Selling systems with Fedora preloaded.

Rahul Sundaram sundaram at redhat.com
Mon Nov 28 05:28:21 UTC 2005


Hi


>Guess, Fedora is best suited for individual use only... As going
>through all the restrictions, and balancing what most users expect to
>find in their comptuers, it'd deffinitely be hard to market such
>computers. Despite the computer's raw power. As I said earlier, what
>worries me the most is the hardware part, as I can leave the system to
>a default (kickstart) installation, letting users configure their
>users, change root's password, etc., but (and I would too) users
>expect the hardware they buy a new system with to flawlessly work with
>the OS the system shipped.  This is what leaves me worried. As these
>are the rough specs we thought of the systems:
>
Like you have mentioned Kickstart has all sort of hooks for OEM to use 
so the infrastructure to do more than individual deployments is 
certainly there along with GFS, Xen and so on. Jesse Keating did a 
presentation on Fedora for OEM distributions in FUDCon1 which you might 
want to read
http://fedoraproject.org/fudcon/FUDCon1/

> We've thought of a few ways to walk around this issue, like if
>we just leave Fedora be and go for another distro (we wouldn't want to
>do that, though) or offer the drivers as a separate disk with
>installation instructions, and probably those packages we would have
>had added to the system... BUT this could also in itself be an issue
>if in anyway there's a restriction to do this as well. I'm going
>through the licenses of Flash, RealPlayer and the nVidia (and ATi)
>drivers as well... I didn't expect this to be easy...
>  
>
I cannot offer legal advise but here are some of my personal opinions. 
Regardless of any distribution you use, you would have similar trademark 
guidelines in place to prevent confusion.  As long as you dont modify 
Fedora in anyway and simple redistribute it with the additional packages 
clearly indicated as such the trademark guidelines should not affect 
you. Do a license audit of the add on packages and if the licenses allow 
redistribution without a EULA (Interactive installations is against the 
design goals of RPM)  you can integrate them within a repository and 
have a post installation hook to pull in packages from a OEM  repository 
or design a custom application say in GTK+  that has a druid  or even a 
simple shell script and zenity (part of GNOME-utils) with fallbacks. The 
application would have the EULAs which the user can agree to before 
getting the necessary packages which can be launched on first login for 
the system administrator/user. As long as you make it clear that this 
application and whatever packages it uses is not part of Fedora this 
seems to be a clean solution to me.

>Just to clarify: Even changing default theme (to another GPL'ed one)
>would cause an issue with the trademark? Even if the theme COMES with
>Fedora in a default installation?
>  
>
All of the Free and open source software licenses allow you to copy, 
modify and redistribute software licensed under them.
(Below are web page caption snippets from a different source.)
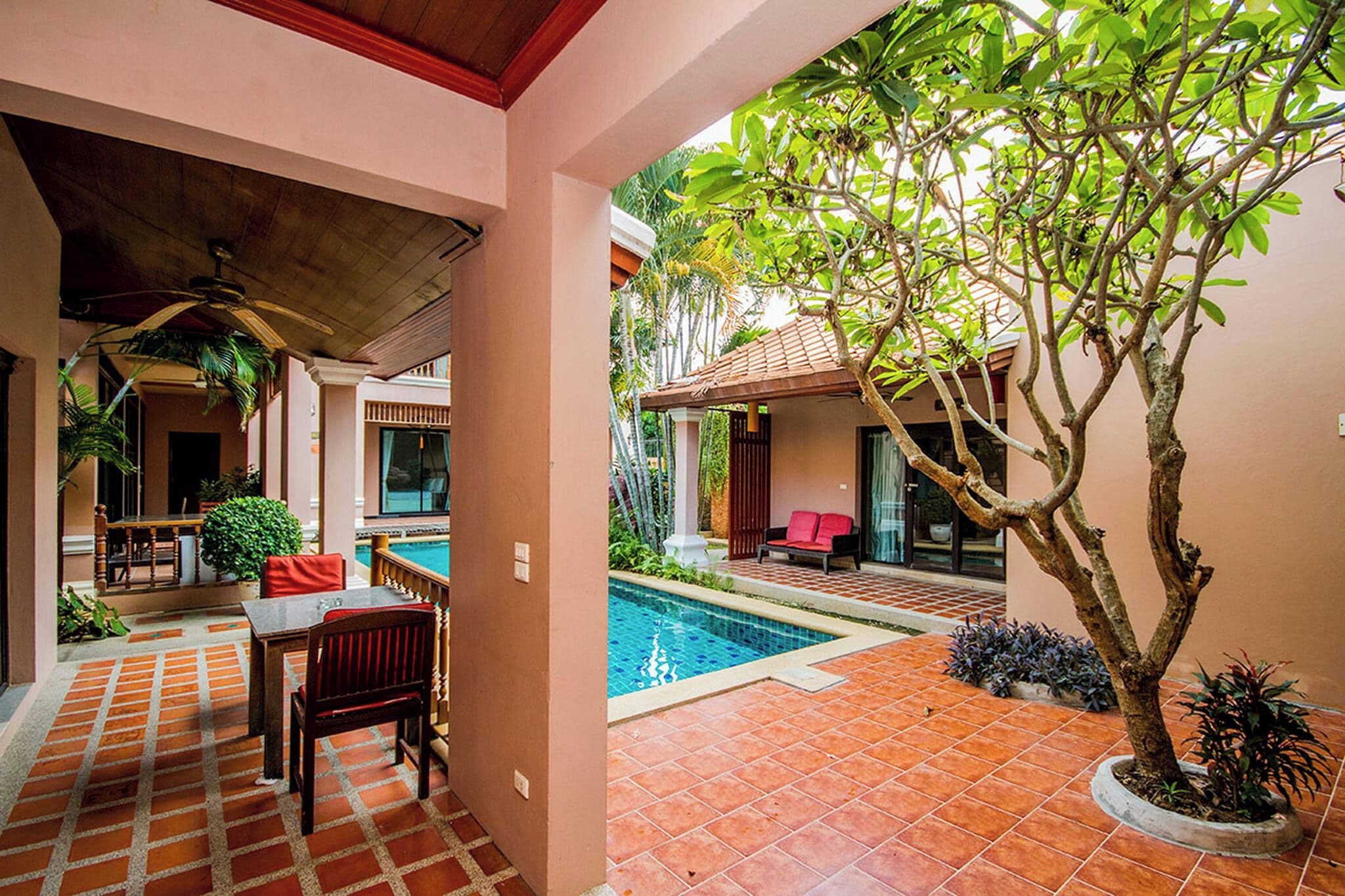 Zona de piscina con suelo de baldosas, una mesa con sillas y un árbol.
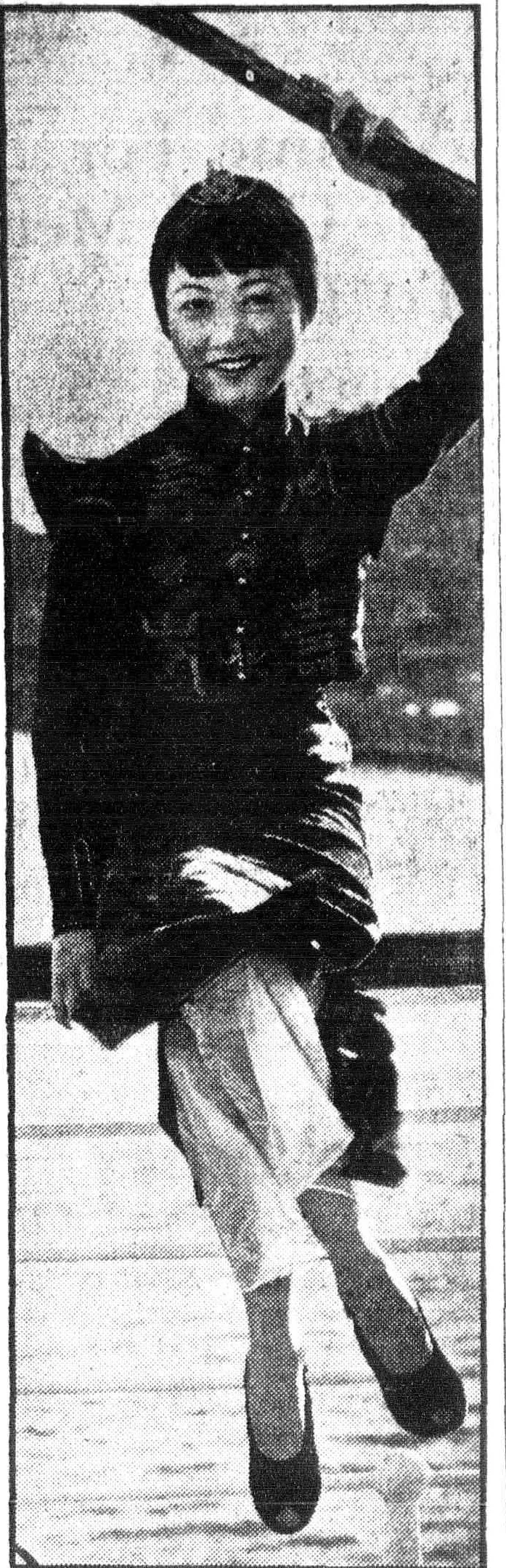Anna May Wong perched on the ship's rail, one arm raised to the rigging, smiling, in a dark Chinese tunic over pale trousers.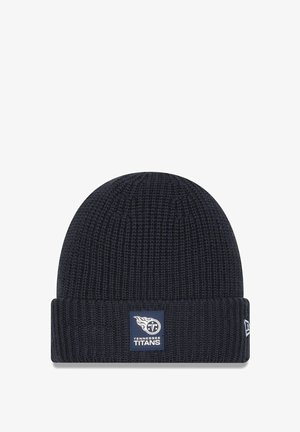 Navy knitted beanie with a folded cuff. Features a rectangular blue patch displaying the Tennessee Titans logo and text. Soft texture.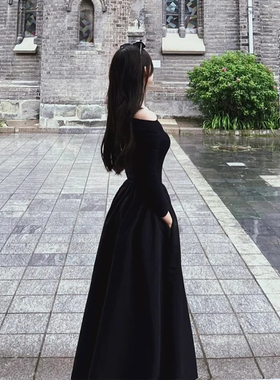 一字肩连衣裙女秋冬气质露肩晚礼服高级感黑色针织长袖长裙子收腰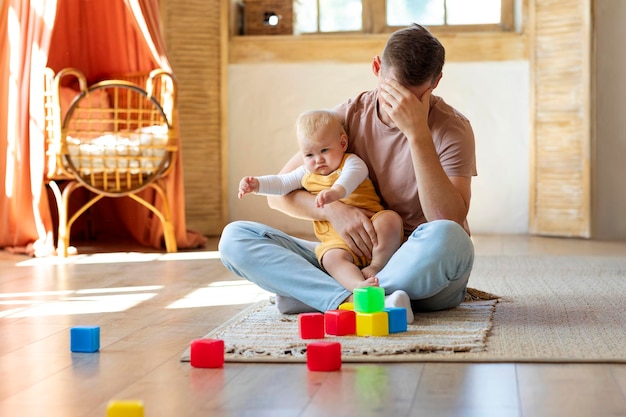 Photo exhausted young father taking care about toddler baby at home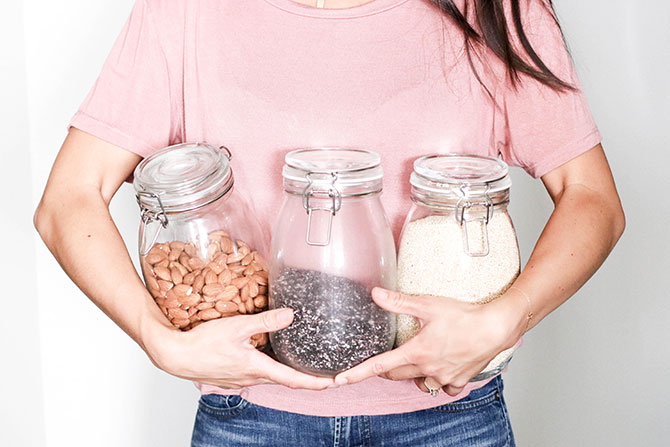 girl holding a jar of almonds, seeds, and salt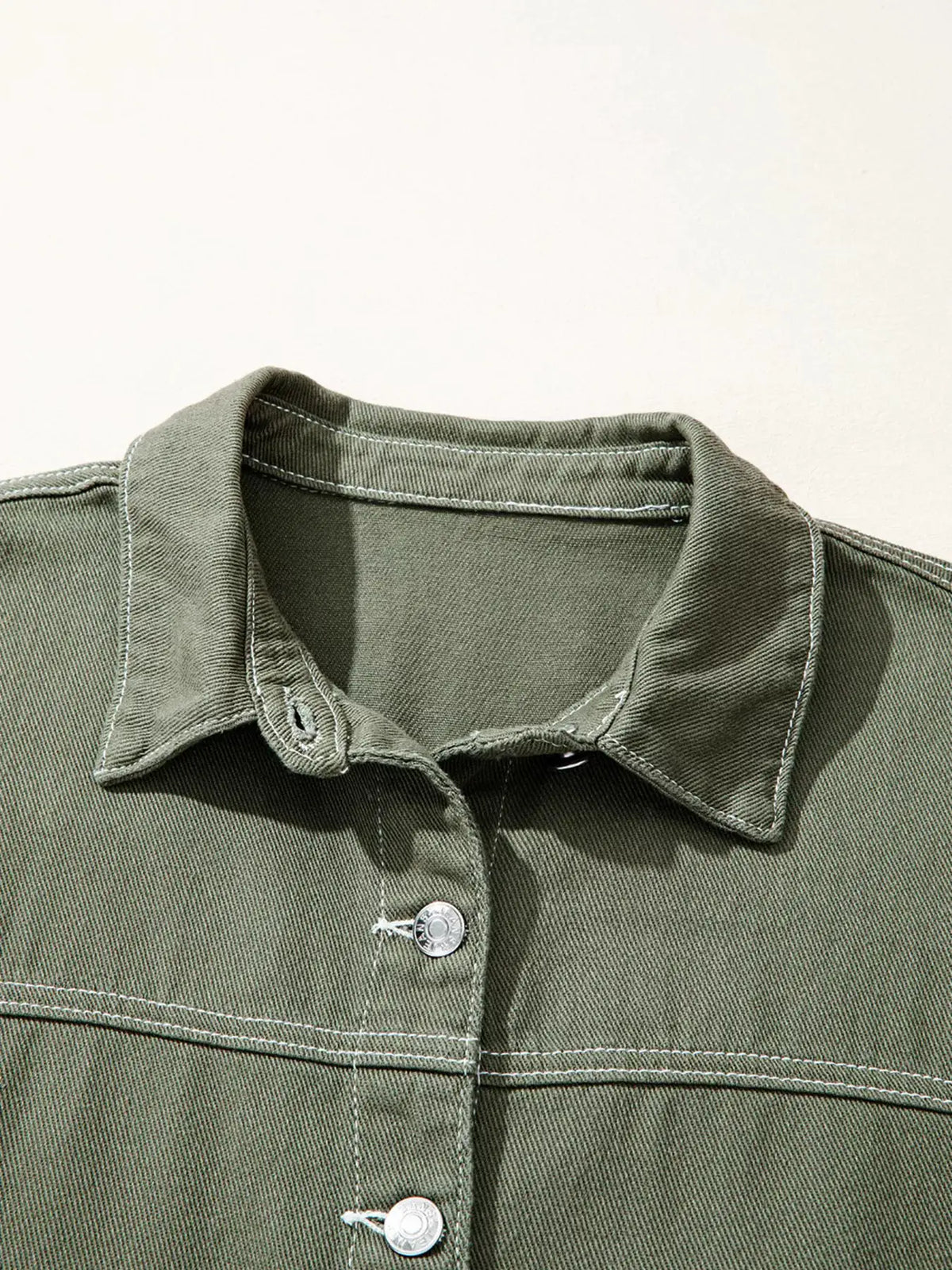 Denim jacket in olive green with metal button closure and visible white stitching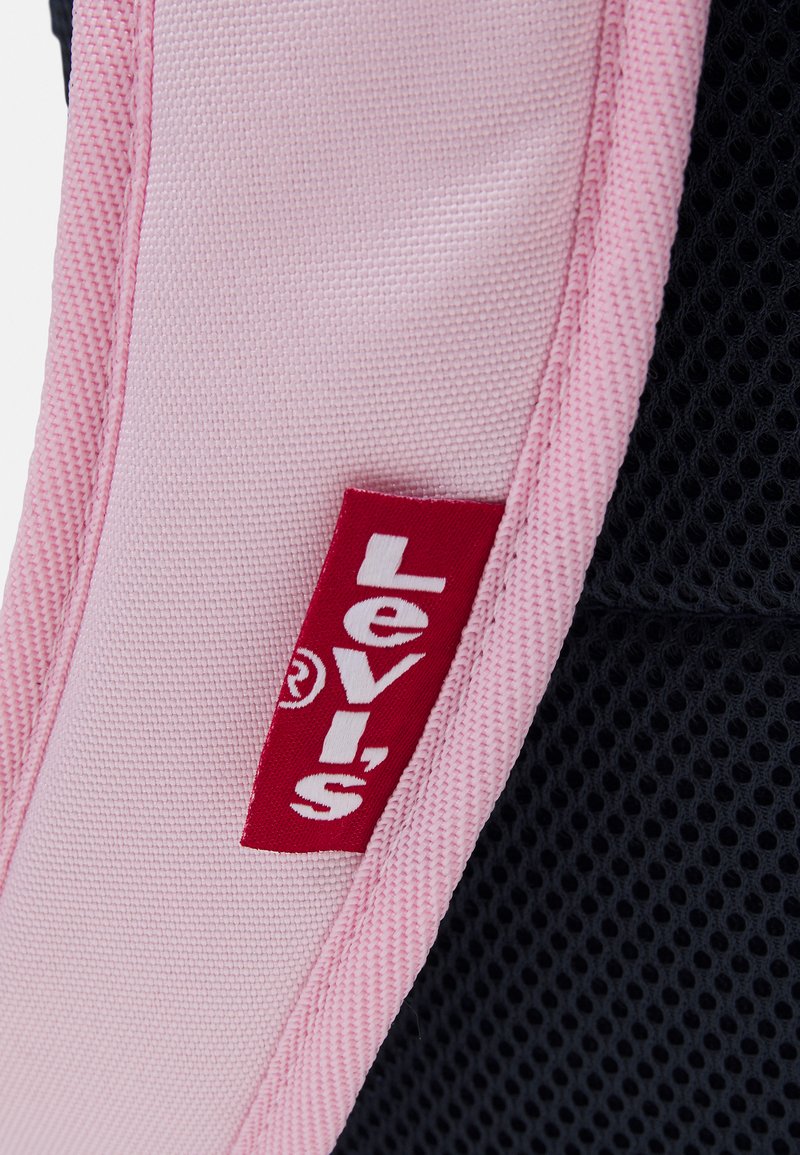 Étiquette Levi's sur un tissu rose avec un fond en maille texturée. L'étiquette présente des lettres blanches en gras sur un fond rectangulaire rouge.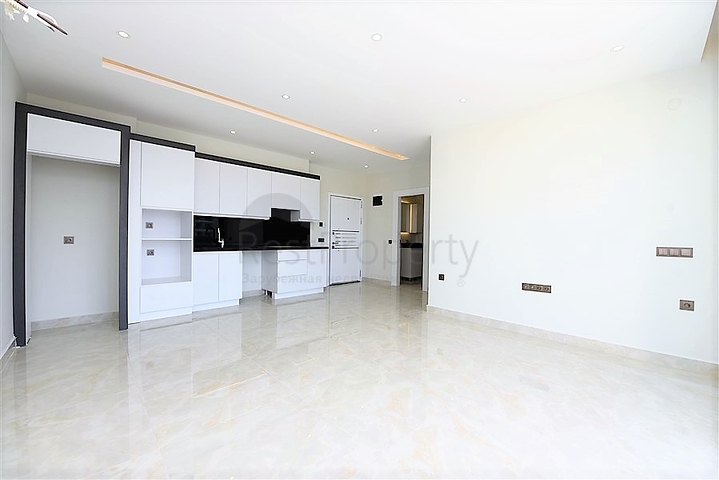 ضمن مجمع سكني حديث بأول خط على البحر - غرفة نوم وصالة في مهموتلار -الانيا 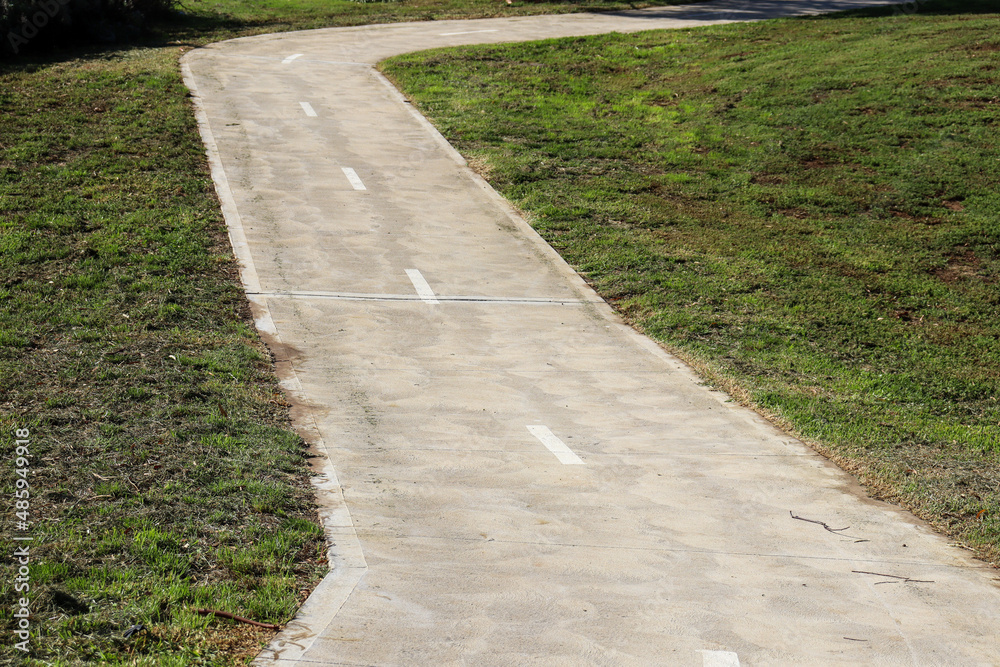curving bike and walking path in parkland curving bike and walking path in parkland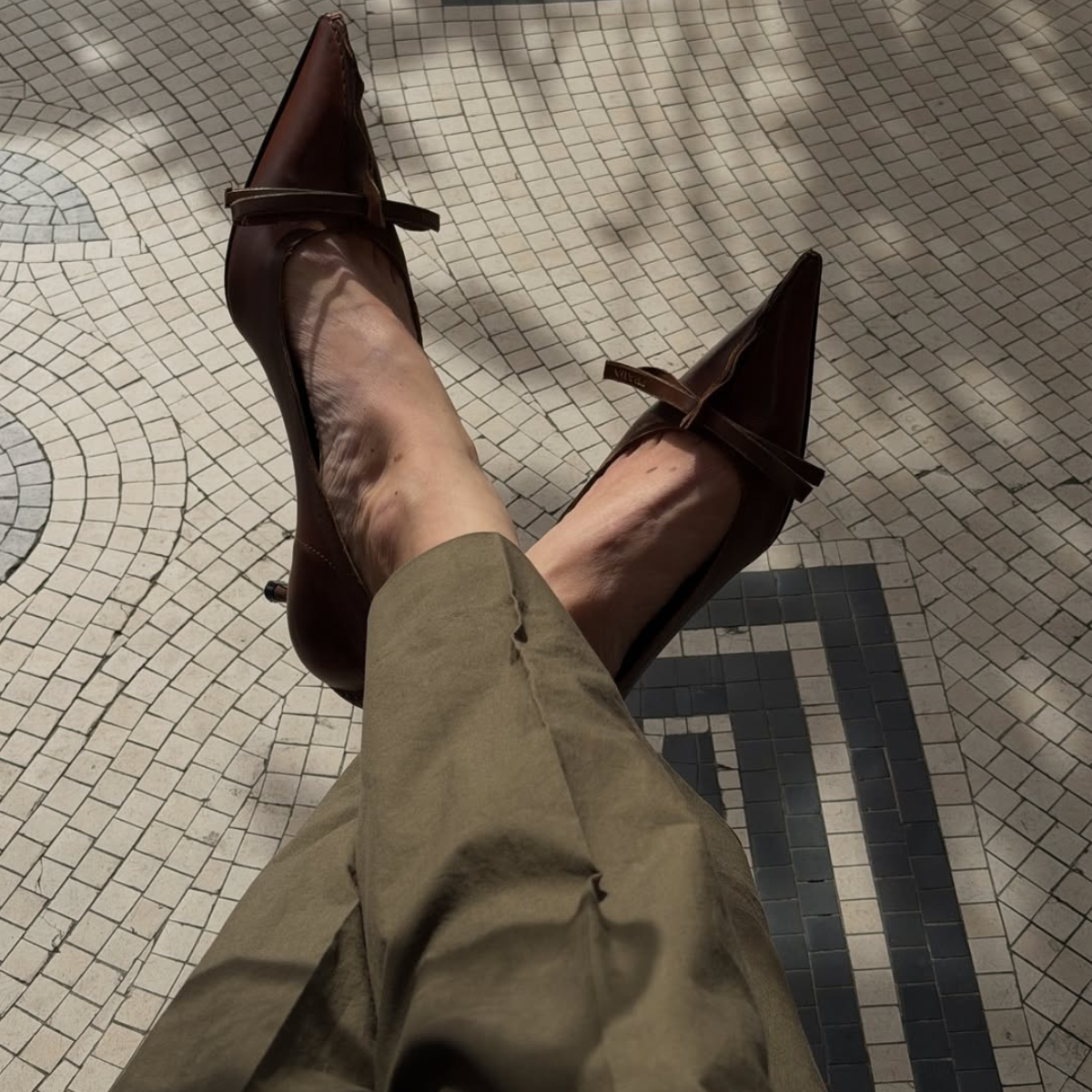 Woman wearing Prada heels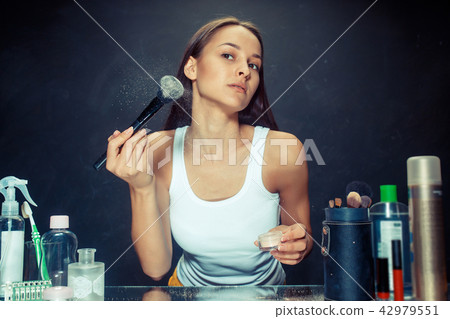 Beauty woman applying makeup. Beautiful girl looking in the mirror and applying cosmetic with a big 42979551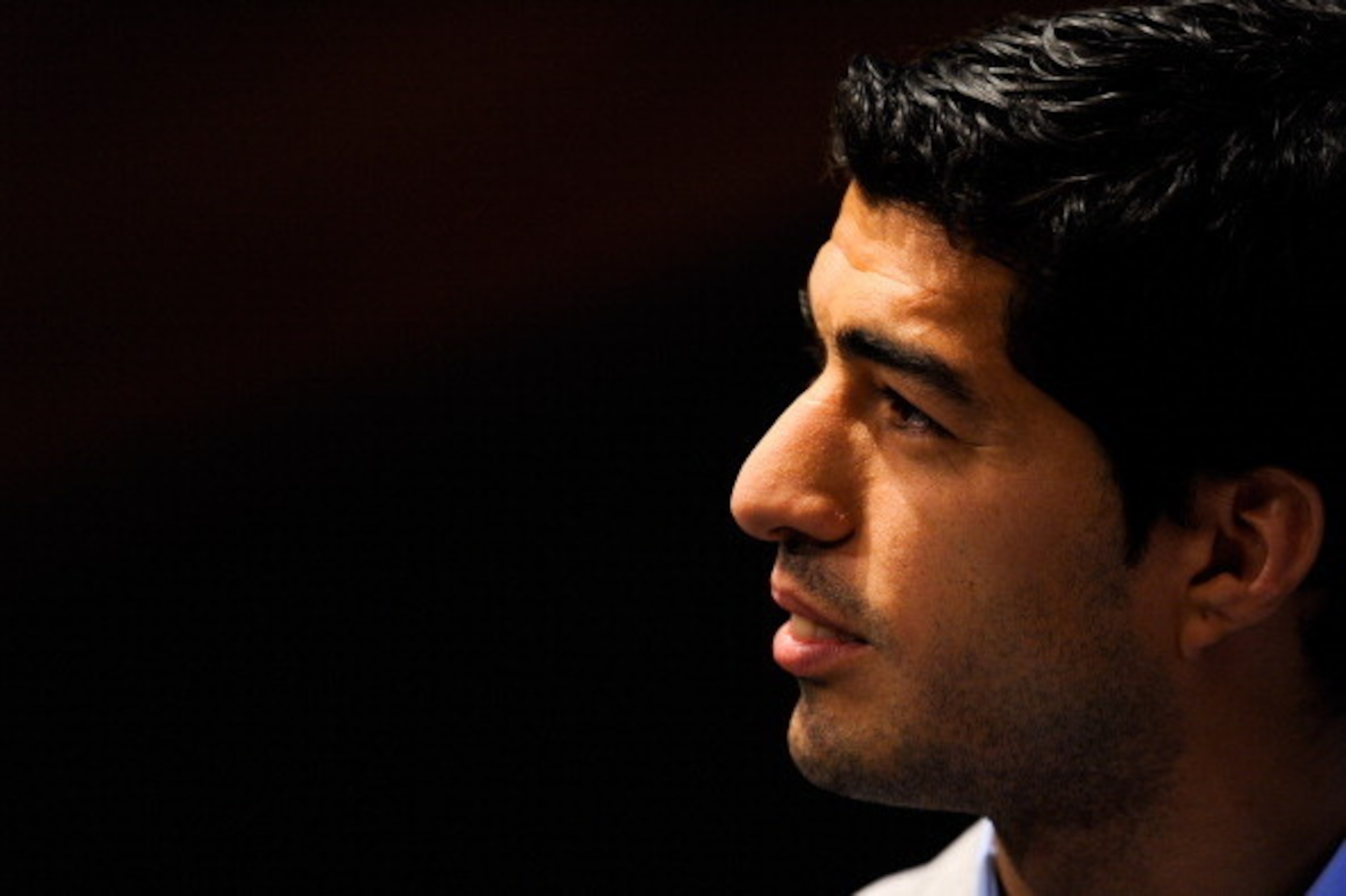 BARCELONA, SPAIN - MAY 14:  Luis Suarez of Liverpool faces the media during the presentation as new Ambassador for 888poker on May 14, 2014 in Barcelona, Spain.  (Photo by David Ramos/Getty Images)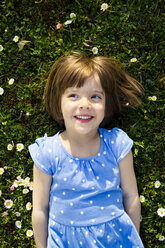 Porträt eines lächelnden kleinen Mädchens, das auf einer Wiese liegt - LVF003196
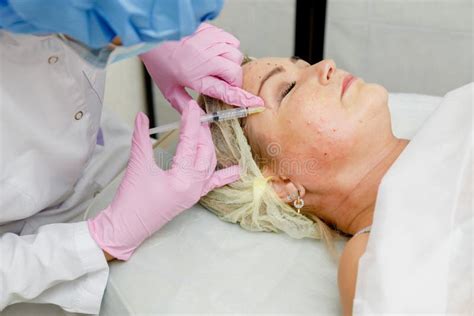 beautician doing facial injection anti aging revitalization cosmetology procedure stock image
Thats however 
orthogonal to the trademark guidelines.

http://www.redhat.com/magazine/007may05/

Legal like security is a field where it pays to be paranoidal. So we 
have to assume worst case scenarios.  If suppose the trademark 
protection guidelines allow the OEM to change the theme and if they 
switch the distribution to use one of the al1y GPL'ed theme included in 
Fedora as the default, that would be aesthetically non appealing even 
while serving the functionality it is designed for, leaving users of 
this modified distribution leaving a bad impression on what Fedora is. 
So thats potentially a scenario that the guidelines are meant to avoid. 
The alternative would be to get special exceptions which is a hassle.

I would like to hear your plans with more details. How many systems are 
you planning to redistribute Fedora?, market segment, timeframe etc.